歴史の余白

内外の埋もれた歴史を再発見するブログ

イラクとシリア―混迷の近代史(17)

[E:seven] シリア内戦

[E:night]ダマスカスの短い春
 シリアでは2000年にアサド大統領が急死し、近代シリア最長30年に及んだ長期政権が終焉した。しかし事前の入念な世襲工作が功を奏し、次男のバッシャール・アサドへの権力継承が円滑に行なわれた。これは共和制国家での権力世襲という異例の出来事であったが、アラウィー派少数支配という特異な体制を混乱なく維持するためには、世襲政権の形を取る必要があったのであろう。
 ただ、本来後継候補だった兄の事故死でお鉢が回ってきたにすぎないバッシャールは眼科医の出身であり、軍部・治安機関を最大権力基盤とした職業軍人出身の父親に比べ、指導力には疑問がつきまとった。

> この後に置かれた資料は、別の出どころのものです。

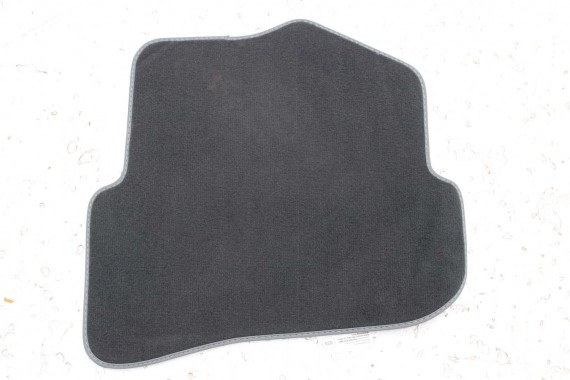 AUDI A1 DYWANIKI PODŁOGI WYCIERACZKI 8X1863691A 8X1 863 691 A MOY 8X1863691 8X0864450 8X0863724 8X1863691A 8X1863713 8X1863714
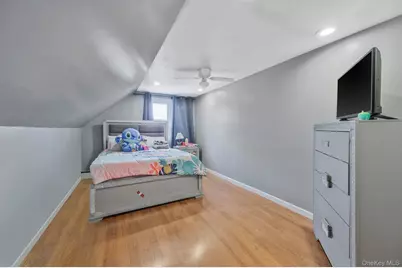 38 Camille Lane, Patchogue, NY 11772 - Photo 26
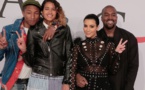 Kim Karda­shian dégaine la robe trans­pa­rente et clou­tée pour les Fashion Awards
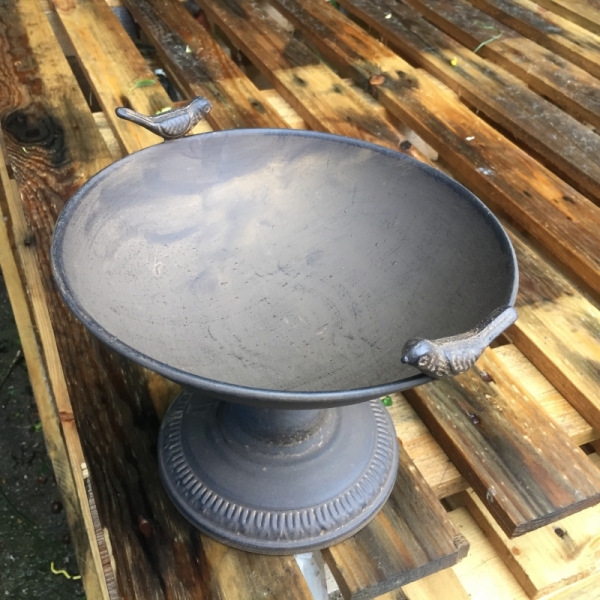 Ptačí pítko do zahrady kovové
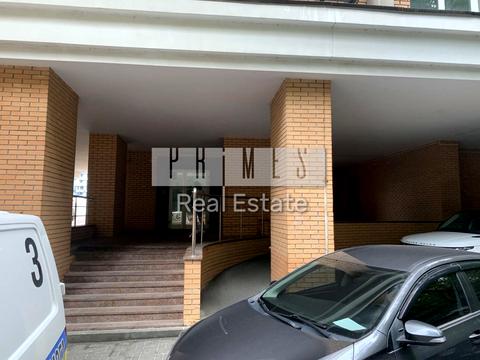 комерційна за адресою Василя Тютюнника вул. (Анрі Барбюса), 16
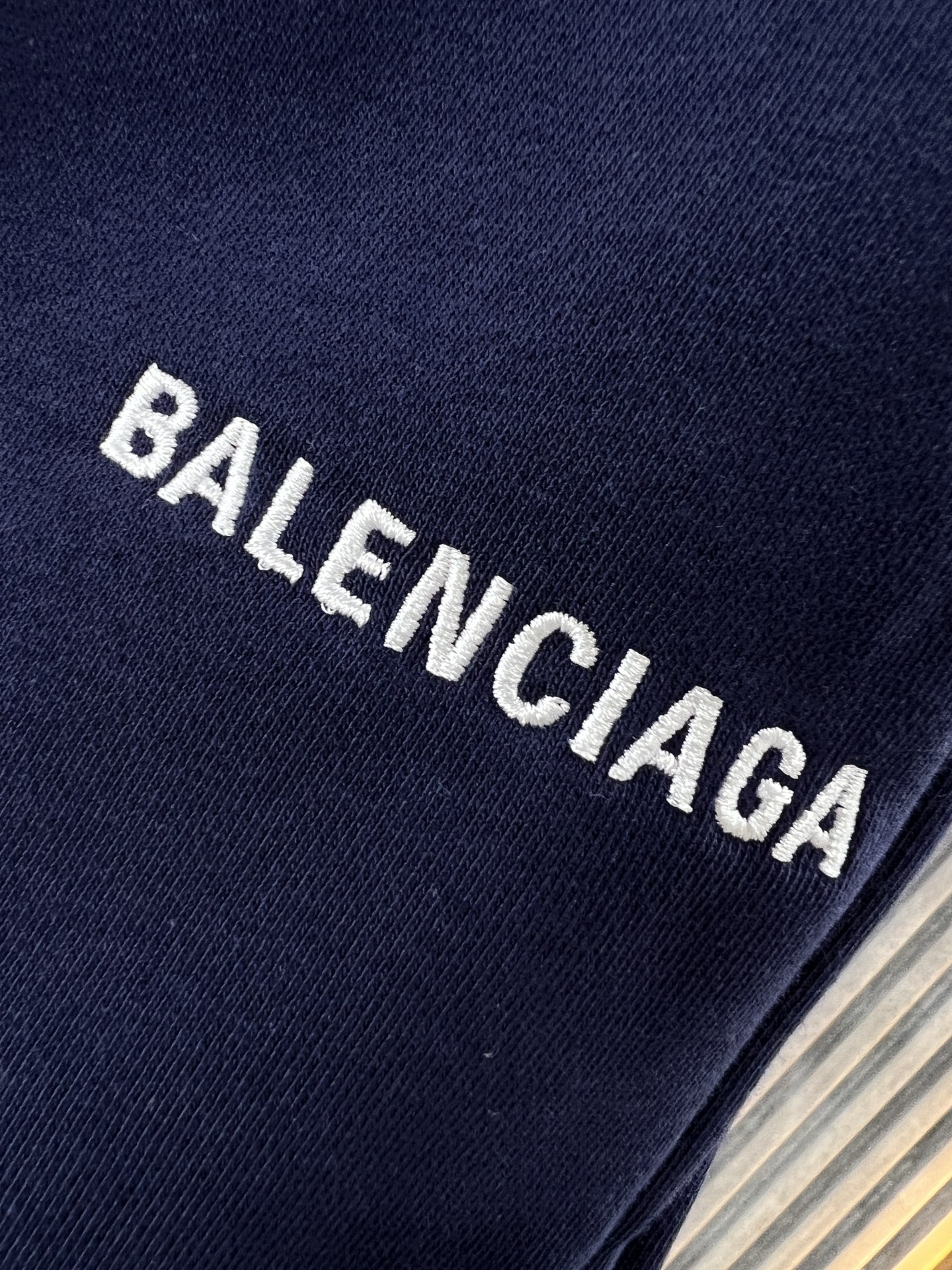 Balenciaga巴黎世家2024春夏新款短裤五分裤男女同款本款采用卷绒面料Unifit宽松版型中腰松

それを補うため、父はバッシャールを軍に編入して、軍人としての経験を積ませたほか、レバノン干渉のような重外交問題でも役割を与えるなどしたが、父アサドの死はいささか早かった。
 政権発足当初のバッシャールは父の厳格な抑圧政策を一定緩和する姿勢も示そうとした。こうしたバッシャール政権下での自由化は「ダマスカスの春」と呼ばれる一時期を作った。この時期、シリアの知識人らは「サロン」を結成して、それまでタブーだった様々な政治・社会問題について討議し、00年9月には有力知識人99人による「99人声明」が提起された。
 この声明は恒常的な非常事態令の廃止や、政治犯の釈放、言論・集会の自由などの民主化を求めていた。これはさらに翌年1月の知識人1000人による「1000人声明」としてより具体化された。
 バッシャールもこうした在野の声に答え、政治犯収容所の閉鎖やムスリム同胞団関係者の釈放などシリア体制としてはかなり大胆とも言える自由化措置に出たが、それも束の間だった。こうした自由化政策は父親の時代以前から続くバース党支配体制の安定を危うくしかねないものであり、古参党幹部の反対にあい、挫折する運命にあったのだ。
 01年に入ると、政権はこうした批判的知識人の投獄やサロンの強制閉鎖などの弾圧措置を開始し、ダマスカスの春は一年で終息した。しかし、その余波はさらに継続し、05年にはシリア政府の権威主義的な姿勢を批判する知識人による「ダマスカス宣言」が改めて出された。
 こうした動きは裏を返せば、体制批判を完全に封じ込めた父ほどの絶対的権威を持てない息子の世襲政権の弱さを示していた。しかし、シリアでの先駆け的な民主化運動は、2010年代に入ってアラブ世界に広く同時発生した民衆蜂起「アラブの春」の序章のような意義を持ったとも言える。シリアでも、11年初頭以降、民衆のデモ行動が開始される。